View of the [Zn(BPDC)]_n chain in complex 1.

Figure 3:

View of the 2D structure of complex 1 in the crystal.

3.2 Thermal analysis

The thermal stability of complex 1 was investigated using thermal gravimetric analysis. The TGA curve of complex 1 exhibits three main steps of weight losses. As shown in Figure 4, the lattice DMF molecules are lost from T = 115–313 °C (calculated: 6.42%, found: 6.7%). The following two steps are attributed to the decomposition of the BIBP ligands and BPDC²⁻ anions. At T = 510 °C, the remaining weight (14.5%) corresponds to ZnO (calculated: 14.30%).

Figure 4:

Thermogravimetric curve of complex 1.

3.3 Infrared spectroscopy

The infrared spectrum of complex 1 is consistent with its crystal structure. The absence of such bands at around 1700 cm⁻¹ indicates the complete deprotonation of H₂BPDC. For complex 1, the strong vibrations at 1622 and 1523 cm⁻¹ correspond to the asymmetric stretching vibration of the –COO^– group, whereas its symmetric stretching vibrations appear at 1360 and 1303 cm⁻¹. The difference in frequency between the asymmetric and symmetric stretching vibrations is more than 200 cm⁻¹, indicating the bidentate-bridging coordination mode of the –COO^– group [25].

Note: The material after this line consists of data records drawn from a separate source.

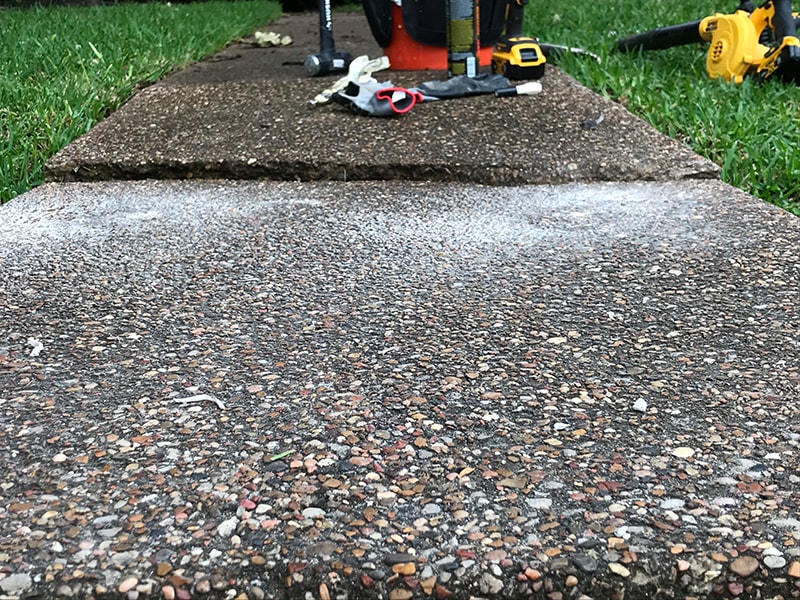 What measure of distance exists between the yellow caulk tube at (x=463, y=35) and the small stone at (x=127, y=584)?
2.69 m

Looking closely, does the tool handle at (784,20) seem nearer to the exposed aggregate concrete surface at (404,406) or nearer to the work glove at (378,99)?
the work glove at (378,99)

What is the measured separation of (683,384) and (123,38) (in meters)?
4.11

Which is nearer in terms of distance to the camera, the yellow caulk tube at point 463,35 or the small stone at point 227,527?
the small stone at point 227,527

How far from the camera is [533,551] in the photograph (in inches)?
33.6

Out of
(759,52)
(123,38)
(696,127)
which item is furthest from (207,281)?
(123,38)

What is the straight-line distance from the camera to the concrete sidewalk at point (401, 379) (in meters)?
0.85

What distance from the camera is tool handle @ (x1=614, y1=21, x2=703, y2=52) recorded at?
3662 millimetres

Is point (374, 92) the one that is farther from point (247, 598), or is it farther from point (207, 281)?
point (247, 598)

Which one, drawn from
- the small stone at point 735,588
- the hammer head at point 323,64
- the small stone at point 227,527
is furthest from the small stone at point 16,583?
the hammer head at point 323,64

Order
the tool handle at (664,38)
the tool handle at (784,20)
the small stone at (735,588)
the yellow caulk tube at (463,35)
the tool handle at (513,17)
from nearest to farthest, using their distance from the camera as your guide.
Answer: the small stone at (735,588), the yellow caulk tube at (463,35), the tool handle at (784,20), the tool handle at (664,38), the tool handle at (513,17)

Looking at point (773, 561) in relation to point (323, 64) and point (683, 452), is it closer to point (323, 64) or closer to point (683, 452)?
point (683, 452)

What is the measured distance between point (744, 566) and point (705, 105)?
2454 mm

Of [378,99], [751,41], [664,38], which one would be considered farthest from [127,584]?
[664,38]

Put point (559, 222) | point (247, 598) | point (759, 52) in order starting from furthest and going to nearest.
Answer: point (759, 52)
point (559, 222)
point (247, 598) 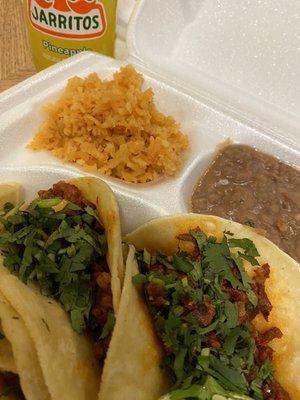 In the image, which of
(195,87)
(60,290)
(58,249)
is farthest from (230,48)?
(60,290)

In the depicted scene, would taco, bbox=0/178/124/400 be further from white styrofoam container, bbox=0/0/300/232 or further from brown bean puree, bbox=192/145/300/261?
brown bean puree, bbox=192/145/300/261

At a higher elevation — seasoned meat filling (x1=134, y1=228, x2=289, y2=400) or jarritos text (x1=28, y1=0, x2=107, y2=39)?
jarritos text (x1=28, y1=0, x2=107, y2=39)

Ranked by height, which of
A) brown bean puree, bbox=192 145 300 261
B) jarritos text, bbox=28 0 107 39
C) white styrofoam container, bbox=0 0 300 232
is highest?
jarritos text, bbox=28 0 107 39

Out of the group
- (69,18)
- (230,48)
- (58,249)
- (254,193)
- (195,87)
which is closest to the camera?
(58,249)

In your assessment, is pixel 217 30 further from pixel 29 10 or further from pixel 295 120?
pixel 29 10

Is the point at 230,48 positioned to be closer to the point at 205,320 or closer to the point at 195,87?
the point at 195,87

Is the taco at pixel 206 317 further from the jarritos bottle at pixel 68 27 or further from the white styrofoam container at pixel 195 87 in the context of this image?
the jarritos bottle at pixel 68 27

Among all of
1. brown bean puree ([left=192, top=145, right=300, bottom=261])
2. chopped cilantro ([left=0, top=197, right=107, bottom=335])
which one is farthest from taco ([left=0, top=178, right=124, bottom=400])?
brown bean puree ([left=192, top=145, right=300, bottom=261])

3.4 Photoluminescence properties

Considering the excellent luminescence properties of some coordination polymers containing d¹⁰ metal centers, the solid-state photoluminescence properties of H₂BPDC, BIBP, and complex 1 were investigated at room temperature. H₂BPDC and BIBP show emission bands at 394 nm (λ_ex = 280 nm) and 315 nm (λ_ex = 278 nm), respectively, which originate from the intraligand π* → n or π* → π transitions [11], [12], [13], [14]. As is shown in Figure 5, there is an emission peak at 394 nm (λ_ex = 246 nm) for complex 1, probably originating from the ligand-based luminescence of BPDC²⁻. Compared with the free BIBP ligand, the visible red shift of 79 nm for 1 may be attributed to the coordination of BIBP to Zn²⁺ [26].

Figure 5:

The solid-state luminescence spectra of H₂BPDC, BIBP, and complex 1 at room temperature (Ex = excitation, Em = emission).

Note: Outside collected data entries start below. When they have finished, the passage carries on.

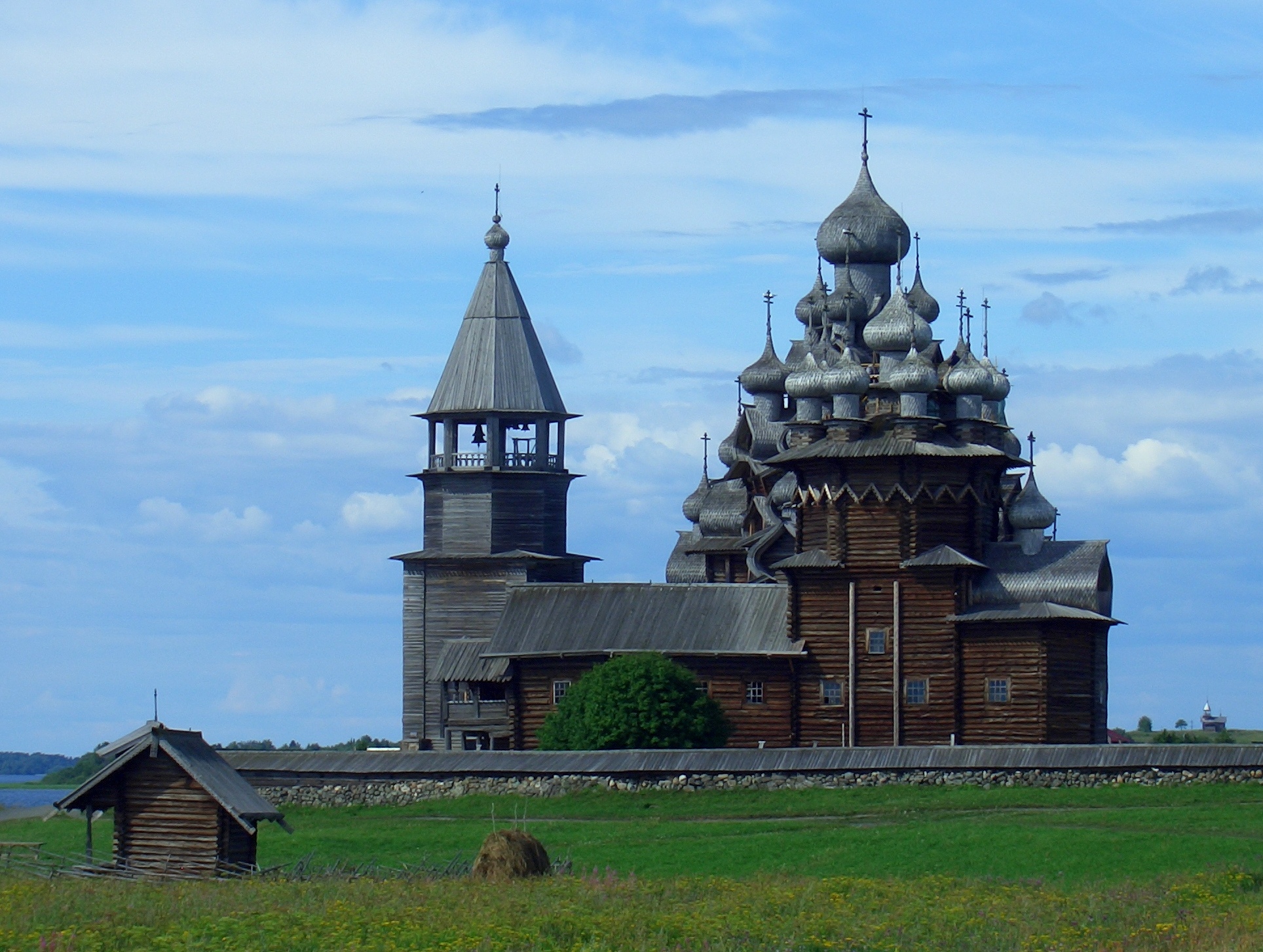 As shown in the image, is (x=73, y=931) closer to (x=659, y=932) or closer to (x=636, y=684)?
(x=659, y=932)

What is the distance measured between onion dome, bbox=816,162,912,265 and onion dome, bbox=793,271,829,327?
89 cm

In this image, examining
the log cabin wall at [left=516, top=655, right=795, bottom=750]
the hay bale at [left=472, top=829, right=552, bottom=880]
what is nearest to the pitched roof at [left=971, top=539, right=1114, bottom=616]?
the log cabin wall at [left=516, top=655, right=795, bottom=750]

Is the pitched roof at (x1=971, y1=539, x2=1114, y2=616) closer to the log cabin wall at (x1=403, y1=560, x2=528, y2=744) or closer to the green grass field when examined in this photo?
the green grass field

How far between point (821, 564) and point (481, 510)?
12.7 m

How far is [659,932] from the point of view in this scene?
70.9ft

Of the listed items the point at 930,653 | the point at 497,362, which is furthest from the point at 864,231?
the point at 930,653

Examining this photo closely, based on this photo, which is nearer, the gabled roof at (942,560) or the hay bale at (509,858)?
the hay bale at (509,858)

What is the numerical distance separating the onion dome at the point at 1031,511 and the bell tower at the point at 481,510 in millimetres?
13647

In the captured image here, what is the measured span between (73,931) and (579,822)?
1805cm

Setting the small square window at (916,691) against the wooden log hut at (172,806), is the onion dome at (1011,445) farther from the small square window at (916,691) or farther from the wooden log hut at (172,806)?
the wooden log hut at (172,806)

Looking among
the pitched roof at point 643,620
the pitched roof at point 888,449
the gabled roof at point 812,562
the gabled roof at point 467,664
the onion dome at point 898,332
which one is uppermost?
the onion dome at point 898,332

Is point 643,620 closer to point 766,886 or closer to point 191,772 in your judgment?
point 191,772

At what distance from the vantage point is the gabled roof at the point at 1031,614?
50.2 metres

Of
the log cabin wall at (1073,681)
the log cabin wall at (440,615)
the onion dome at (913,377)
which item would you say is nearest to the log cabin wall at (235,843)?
the log cabin wall at (1073,681) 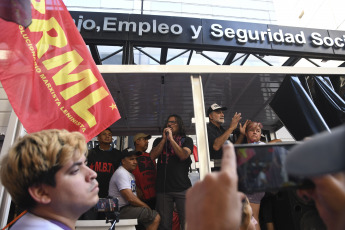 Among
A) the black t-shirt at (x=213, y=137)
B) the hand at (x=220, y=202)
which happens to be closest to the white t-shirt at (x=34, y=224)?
the hand at (x=220, y=202)

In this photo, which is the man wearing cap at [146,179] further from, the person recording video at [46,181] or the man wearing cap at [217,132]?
the person recording video at [46,181]

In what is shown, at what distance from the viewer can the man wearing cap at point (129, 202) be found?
3260mm

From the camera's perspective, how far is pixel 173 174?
139 inches

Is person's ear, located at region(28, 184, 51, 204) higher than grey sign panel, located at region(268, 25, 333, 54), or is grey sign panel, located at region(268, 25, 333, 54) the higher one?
grey sign panel, located at region(268, 25, 333, 54)

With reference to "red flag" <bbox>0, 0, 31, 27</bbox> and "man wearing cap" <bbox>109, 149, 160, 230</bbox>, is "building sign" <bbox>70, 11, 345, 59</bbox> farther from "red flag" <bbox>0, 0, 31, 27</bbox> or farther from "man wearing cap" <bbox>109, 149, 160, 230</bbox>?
"man wearing cap" <bbox>109, 149, 160, 230</bbox>

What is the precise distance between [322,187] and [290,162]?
0.41ft

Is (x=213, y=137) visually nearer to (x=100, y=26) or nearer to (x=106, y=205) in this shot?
(x=106, y=205)

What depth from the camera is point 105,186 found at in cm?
376

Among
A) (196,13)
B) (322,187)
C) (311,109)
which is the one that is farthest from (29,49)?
(196,13)

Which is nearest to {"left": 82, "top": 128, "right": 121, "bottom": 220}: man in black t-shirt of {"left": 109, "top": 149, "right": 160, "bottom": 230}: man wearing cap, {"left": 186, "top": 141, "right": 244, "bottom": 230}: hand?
{"left": 109, "top": 149, "right": 160, "bottom": 230}: man wearing cap

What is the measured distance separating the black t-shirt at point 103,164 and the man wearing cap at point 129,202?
285mm

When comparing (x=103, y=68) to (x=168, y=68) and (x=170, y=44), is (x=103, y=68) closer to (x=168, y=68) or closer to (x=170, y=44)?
(x=168, y=68)

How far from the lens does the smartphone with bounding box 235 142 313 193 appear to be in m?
0.57

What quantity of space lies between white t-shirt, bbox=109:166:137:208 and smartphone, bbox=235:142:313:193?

3.5 Photocatalytic properties

MB as one of the important dyes is a good model of contaminants because it is highly soluble in water and persistent in the environment. Therefore, we chose MB as a model pollutant in water to investigate the photocatalytic performance of complex 1. As shown in Figure 6, the characteristic absorption peak of MB (663 nm) decreased during the decomposition reaction in the presence of complex 1. As shown in Figure 7, the photocatalytic efficiency of complex 1 on MB reached 84% and that of the blank control group was only 13% within 90 min, indicating that complex 1 has a catalytic activity for the degradation of MB.

Figure 6:

UV/Vis absorption spectra of an aqueous MB solution during the decomposition reaction in the presence of complex 1.

Figure 7:

Photocatalytic decomposition rate of the MB solution under UV irradiation.